It's all still sugar

Moved by this story on Crop To Cuisine, which recaps recent maneuvering on the "corn sugar" battlefield, I renew my support for the Corn Refiners Association bid to rebrand its high fructose corn syrup.

 

Yes, I'm being redundant, but I am so rarely on that side that I'm indulging the sensation. The refiners seek the change because HFCS has won such a villainous reputation that some products are now promoted as having "real" sugar instead.

It is not good when marketers are selling their product by crowing that they left out your product.

One reason that HFCS has fallen in public opinion is that its introduction into the market in the '70s roughly coincides with the obesity explosion. One could easily conclude that it was HFCS's fault.

But an equally valid conclusion is that because HFCS was so much cheaper, sweetening anything became more economical. So that's what manufacturers did — they sweetened practically everything: bread, meats, nuts, salad dressings, cereals, etcetera forever.

So it wasn't the chemical structure of HFCS that brought obesity, it was its economics. Regardless, we got the obesity epidemic.

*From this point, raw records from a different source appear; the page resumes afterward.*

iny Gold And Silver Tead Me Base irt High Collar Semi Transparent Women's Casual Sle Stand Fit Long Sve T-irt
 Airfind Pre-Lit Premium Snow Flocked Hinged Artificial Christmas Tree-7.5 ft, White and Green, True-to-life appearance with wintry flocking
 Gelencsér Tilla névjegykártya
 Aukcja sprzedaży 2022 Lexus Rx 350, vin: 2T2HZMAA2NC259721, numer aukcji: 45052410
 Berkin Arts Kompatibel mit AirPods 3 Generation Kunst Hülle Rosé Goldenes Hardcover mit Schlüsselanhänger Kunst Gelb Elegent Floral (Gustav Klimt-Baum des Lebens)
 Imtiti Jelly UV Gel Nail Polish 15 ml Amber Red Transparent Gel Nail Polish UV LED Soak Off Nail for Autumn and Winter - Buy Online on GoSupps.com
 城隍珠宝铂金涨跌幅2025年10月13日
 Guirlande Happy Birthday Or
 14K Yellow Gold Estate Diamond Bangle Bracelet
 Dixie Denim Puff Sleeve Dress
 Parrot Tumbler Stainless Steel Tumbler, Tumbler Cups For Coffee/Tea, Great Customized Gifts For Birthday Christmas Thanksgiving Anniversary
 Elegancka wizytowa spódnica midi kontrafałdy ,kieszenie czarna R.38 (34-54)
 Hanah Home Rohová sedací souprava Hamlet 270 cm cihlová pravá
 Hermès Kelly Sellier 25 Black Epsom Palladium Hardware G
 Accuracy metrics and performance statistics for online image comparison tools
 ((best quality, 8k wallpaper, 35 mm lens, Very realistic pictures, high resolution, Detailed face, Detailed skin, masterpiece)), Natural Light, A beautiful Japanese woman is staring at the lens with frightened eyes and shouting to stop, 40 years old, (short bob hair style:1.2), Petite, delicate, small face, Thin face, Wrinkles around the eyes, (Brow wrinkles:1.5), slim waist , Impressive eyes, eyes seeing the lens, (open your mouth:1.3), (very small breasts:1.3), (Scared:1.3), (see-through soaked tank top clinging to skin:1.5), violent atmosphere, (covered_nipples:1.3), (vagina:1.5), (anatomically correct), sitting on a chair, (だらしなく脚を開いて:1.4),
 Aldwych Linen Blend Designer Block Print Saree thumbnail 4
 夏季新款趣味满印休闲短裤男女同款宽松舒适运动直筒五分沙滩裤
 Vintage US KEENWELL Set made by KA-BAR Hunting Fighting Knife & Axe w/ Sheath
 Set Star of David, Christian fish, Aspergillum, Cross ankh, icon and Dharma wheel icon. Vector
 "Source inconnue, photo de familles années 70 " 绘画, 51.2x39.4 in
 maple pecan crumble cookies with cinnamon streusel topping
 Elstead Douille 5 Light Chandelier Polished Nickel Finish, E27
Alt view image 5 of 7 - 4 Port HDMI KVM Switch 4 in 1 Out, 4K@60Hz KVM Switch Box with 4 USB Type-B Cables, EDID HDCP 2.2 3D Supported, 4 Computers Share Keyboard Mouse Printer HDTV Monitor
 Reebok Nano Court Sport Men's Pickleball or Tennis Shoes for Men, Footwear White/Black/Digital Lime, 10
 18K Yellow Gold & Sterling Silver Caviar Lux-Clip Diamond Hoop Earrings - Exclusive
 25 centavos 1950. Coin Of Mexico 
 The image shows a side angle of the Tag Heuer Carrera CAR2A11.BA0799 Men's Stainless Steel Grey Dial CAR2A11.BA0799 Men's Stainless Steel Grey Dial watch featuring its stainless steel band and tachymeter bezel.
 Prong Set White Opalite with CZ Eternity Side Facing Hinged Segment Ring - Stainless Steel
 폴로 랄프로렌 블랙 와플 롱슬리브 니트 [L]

The much commented-on New York Times Magazine story by Gary Taubes — say what you will, he does draw a crowd — argues that HFCS and other refined sugars (beets and cane are the two most common sources) — are essentially the same, and that the public issue we're facing isn't one or the other, but either.

That, of course, is where I'd already come down. How can the addition of lots of sugar to our diets not have a large — even an obese — effect?